The time is September 2 at 4:42 p.m., a familiar monotone voice droned through phones announcing MHS has entered Stage 3. With all of Lake County reaching over 200 new cases on Aug. 31, the school had no option but to act. According to the CDC, children and adolescents are more likely to be asymptomatic or have mild symptoms, their contraction rate is on par with and can sometimes exceed those of adults. Due to this, the school’s safety net requires at least a 10 day quarantine for those who come in close contact or test positive.

“I have already had two verified absences,” Mrs. Kathleen LaPorte, social studies teacher, said. “Attendance was spotty—sometimes the student showed up in (Blackboard) Collaborate and other times they wouldn’t. This year we hope that virtual learning will be used properly and only for true covid necessities.” 

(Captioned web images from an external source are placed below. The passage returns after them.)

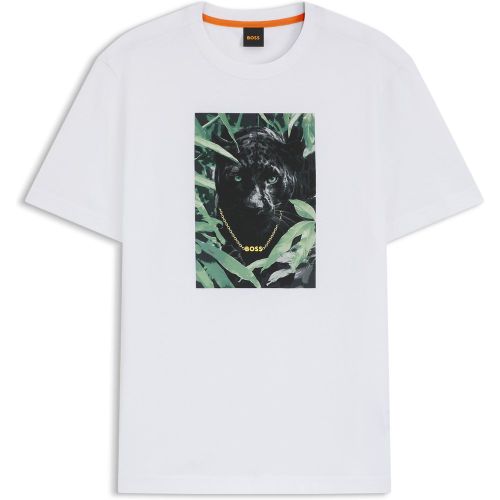 T-shirt en jersey de coton à motif animalier graphique - Boss - Modalova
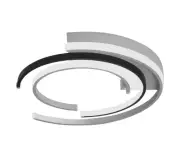 Modern Creative LED Flush Mount Ceiling Light: 19.68" White/Black Acrylic Shade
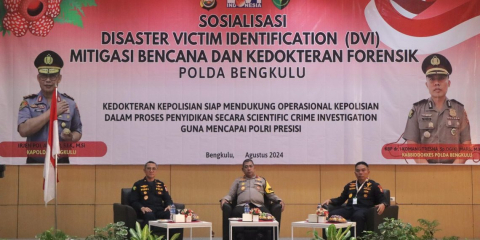 Optimalisasi Kinerja Kepolisian, Wakapolda Bengkulu Buka Sosialisasi DVI, Mitigasi Bencana, dan Kedokteran Forensik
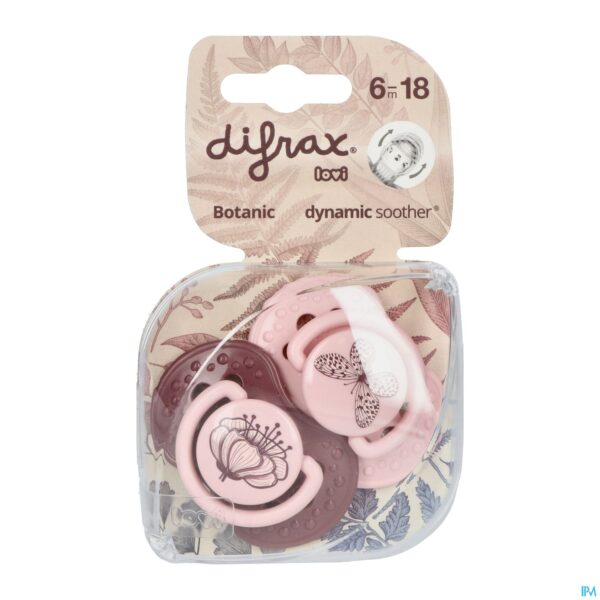 Packshot Difrax Fopspeen Dynam.botanic Pink&purple 6-18m 2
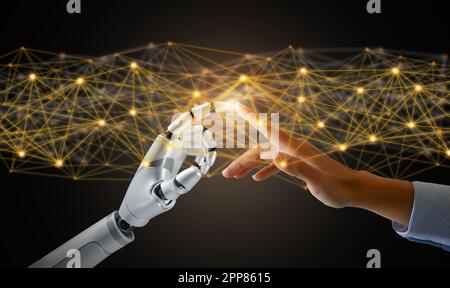 Le robot et les mains humaines se touchent et se connectent sur fond de code binaire. Intelligence artificielle, apprentissage machine, Chatbot. Intelligence artificielle pour la science, l'éducation Banque D'Images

New cases of COVID-19 in Lake County have passed the 100 average mark for each day and MHS has reached Stage 3, requiring everyone to wear masks and perhaps hybrid learn at a later date. In-person instruction will be available and remote models are available for those who are uncomfortable with in-person. Prior to the announcement, the school required masks for unvaccinated adults, otherwise it was encouraged, per the policy. For some, masks should have been mandatory from the start. 

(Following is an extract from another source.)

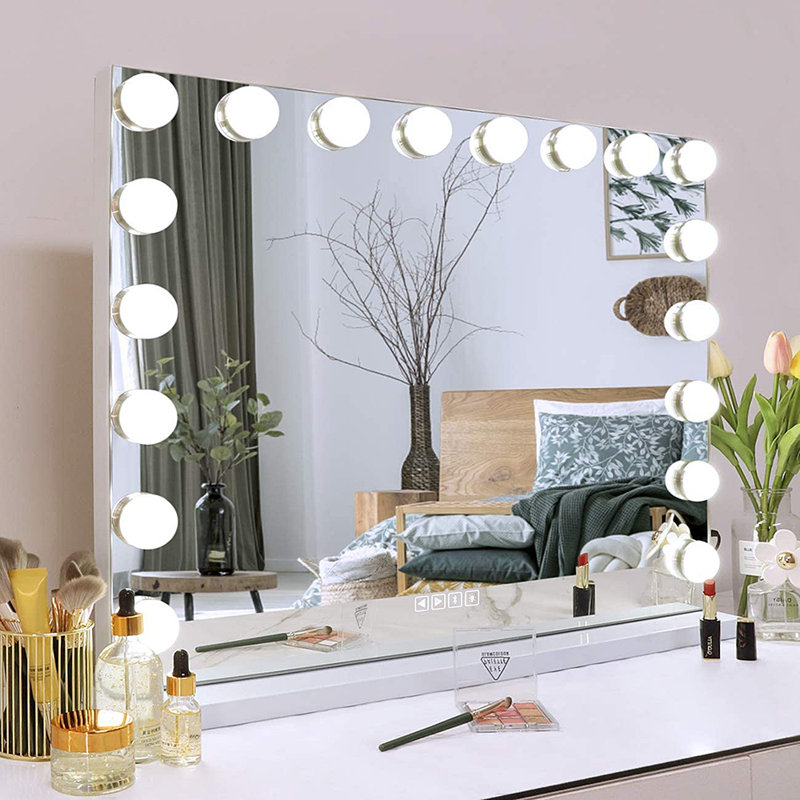 Miroir rectangulaire en métal à DEL Bluetooth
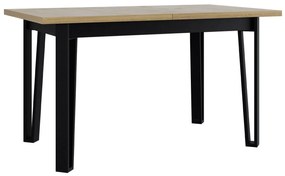 Asztal Victorville 354Fekete, Sonoma tölgy, 79x80x140cm, Hosszabbíthatóság, Laminált forgácslap, Fém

“People don’t think masks need to be required, but acting like you don’t have to wear a mask doesn’t make everything fine,” Catherine Cronin, junior, said. 

Though inconsistent use of masks may have led to outbreaks in school, the Mayo Clinic reports that 46 percent of people in Indiana are fully vaccinated and 50 percent have received their first dose. Additionally, Munster has reported less than five new COVID-19 cases to the Department of Health since Aug. 27 and has had 59 positive cases since the start of the 2020-2021 school year. This has others wanting mask-optional since they find it an effective middle ground. 

“I think the mask policy is fine because if they push masks too hard or they are more lenient people would feel the need to stay home,” Finn Manion, senior, said. “This is the best way to be in between the two and not take any political side. It is sad that it became a political thing, but that is what happened. So it is better to be in the middle than too far to the left or right.” 

According to the National Center for Biotechnology Information, countries that did not have a mask mandate had 7.5 times higher transmission rates. In the United States, states with mandates had daily growth rates 2 percentage points lower than those without. Many at least wish to encourage mask use due to their 70 percent effectiveness. 

“Masks will prevent cases, not all of them, but many within the school,” Mrs. LaPorte said. “I selfishly hoped everyone would be vaccinated, which would have made mask wearing—pre-Delta—less of a need, but unfortunately, the Delta variant is here and circulating among us.”